Tony Greenstein reviews: Paul Keleman The British left and Zionism – history of a divorce Manchester University Press, 2012, pp227, £16.99

It is not often that a book can be classed as indispensable to an understanding of Zionism – the ideology of the movement that established the Israeli state – and its relationship to the left and the labour movement. But The British left and Zionism is one.

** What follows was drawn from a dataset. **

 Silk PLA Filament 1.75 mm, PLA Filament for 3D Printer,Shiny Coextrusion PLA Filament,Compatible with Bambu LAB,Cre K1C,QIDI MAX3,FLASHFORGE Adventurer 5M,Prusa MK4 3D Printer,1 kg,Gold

There are many books which have been written about the history of Zionism – most of them tedious and repetitive – whose conclusions were formed before even a word was written. Books under this heading include David Vital’s The origins of Zionism and Zionism: the formative years. By contrast, anyone wanting a comprehensive Marxist analysis of Zionism could not do better than Nathan Weinstock’s Zionism: a false messiah. Unfortunately Weinstock himself underwent a “personal and political crisis” and became a Zionist!

For an understanding of the origins of the Zionist labour movement, Zeev Sternhell’s The founding myths of Israel is groundbreaking. Sternhell, a childhood survivor of the Nazis, tells the story of the endemic political and financial corruption of the Histadrut union confederation and its lack of democracy. As Golda Meir noted, Histadrut was not so much a trade union as a “great colonising agency”.((The Observer January 24 1971)) However, if you want a history of Zionism and Israel from both a cultural and political perspective, employing the tools of comparative history, then Gabriel Piterberg’s The returns of Zionism cannot be bettered. Meanwhile, Joseph Gorny’s The British labour movement and Zionism 1917-1948 never once questions the fundamentals of Zionism. It is essentially a functional and descriptive history.

Paul Kelemen’s book is the first comprehensive account of the history of the British left and Zionism. It is written from an avowedly anti-Zionist perspective and because of this it provides an essential and unique insight into the twists and turns of the Communist Party, as it had to adapt its understanding of Zionism to the needs of the Soviet Union’s foreign policy.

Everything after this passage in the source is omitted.